EXERCISE OBJECTIVE: Repeat the listing that follows character for character, omitting images.

══ COLLECTED MATERIAL

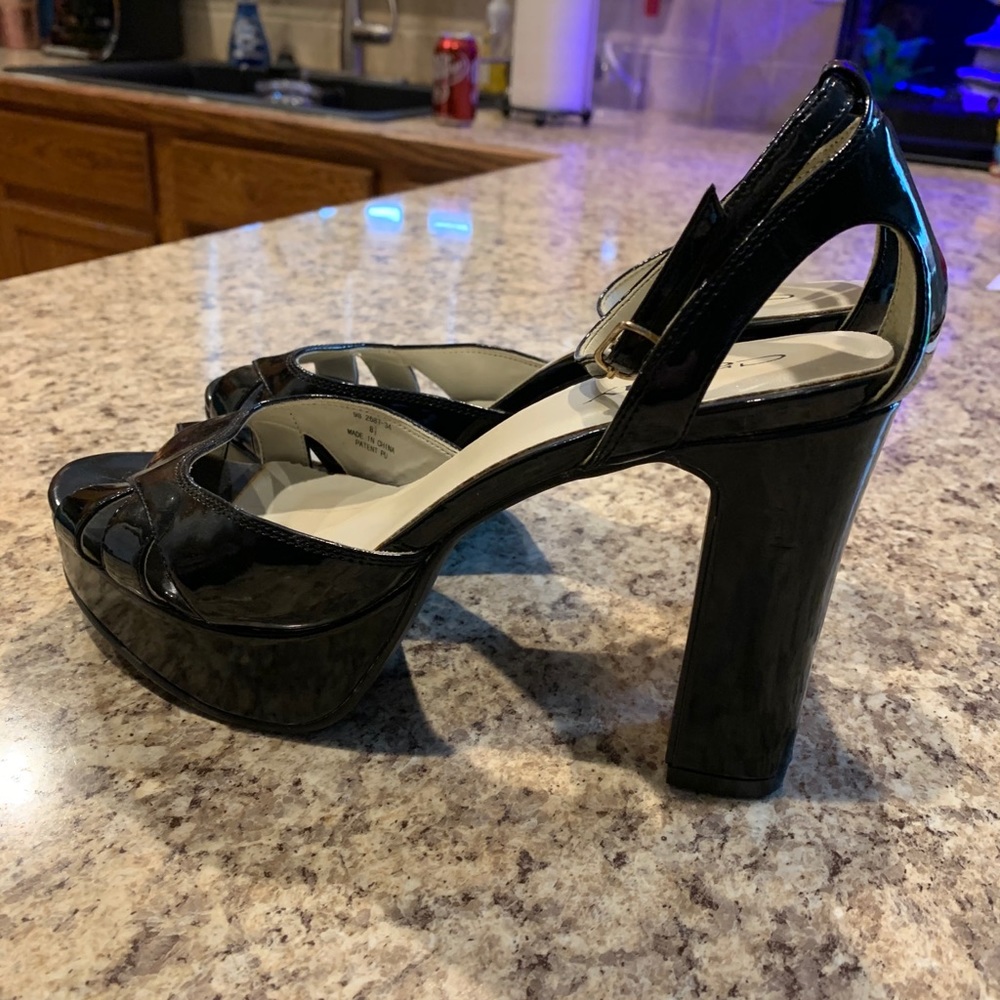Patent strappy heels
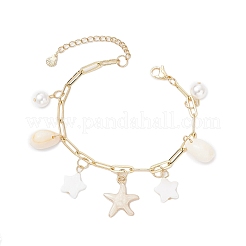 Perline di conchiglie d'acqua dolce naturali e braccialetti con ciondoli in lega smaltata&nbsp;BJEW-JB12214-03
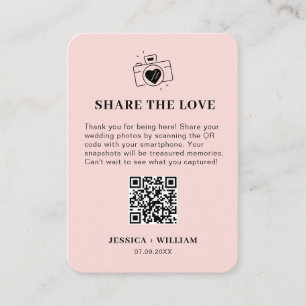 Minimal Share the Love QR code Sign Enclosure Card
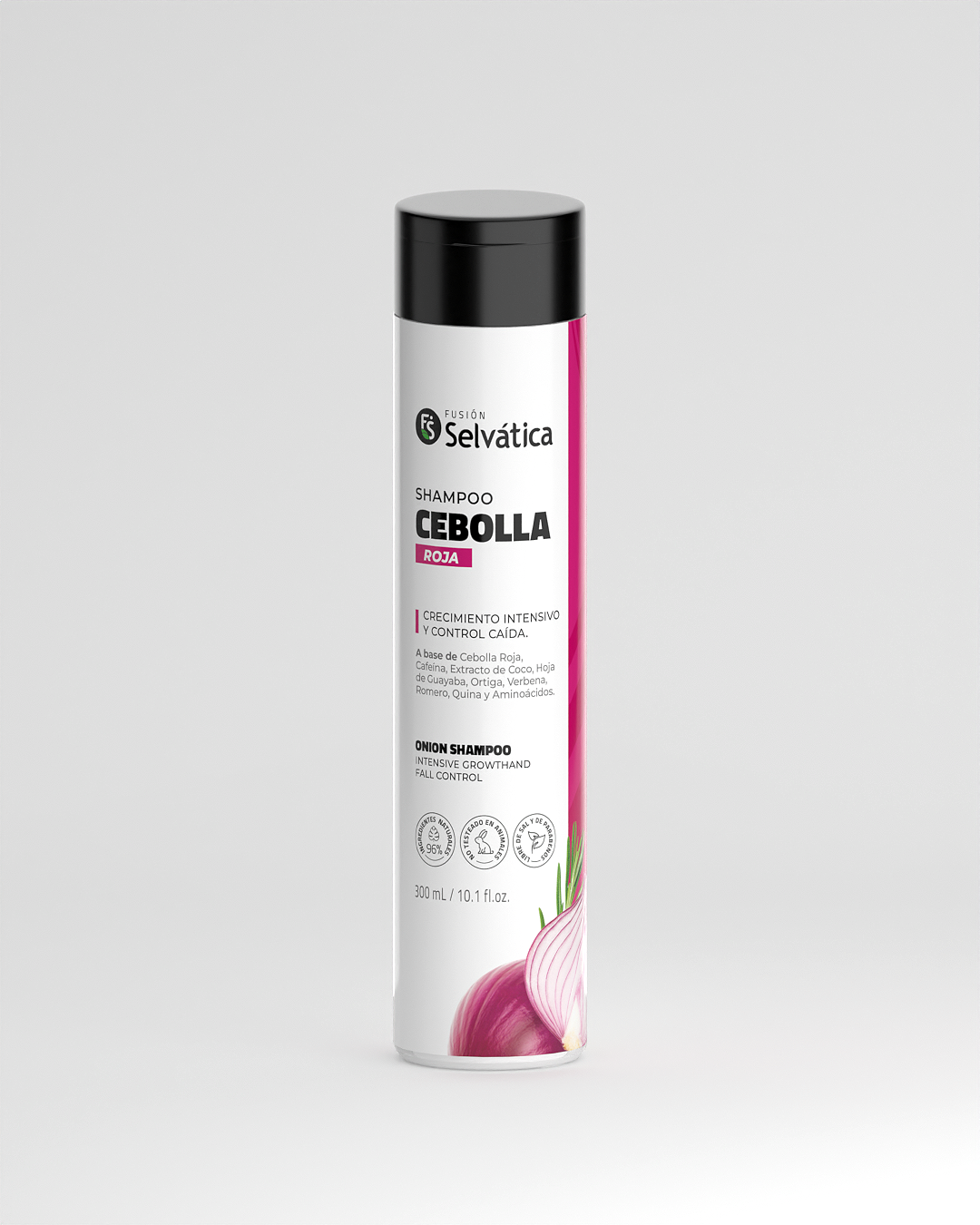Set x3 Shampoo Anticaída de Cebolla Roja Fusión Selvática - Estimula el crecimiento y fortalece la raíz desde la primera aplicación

════

EXERCISE RESPONSE:
Patent strappy heels
 Perline di conchiglie d'acqua dolce naturali e braccialetti con ciondoli in lega smaltata&nbsp;BJEW-JB12214-03
 Minimal Share the Love QR code Sign Enclosure Card
Set x3 Shampoo Anticaída de Cebolla Roja Fusión Selvática - Estimula el crecimiento y fortalece la raíz desde la primera aplicación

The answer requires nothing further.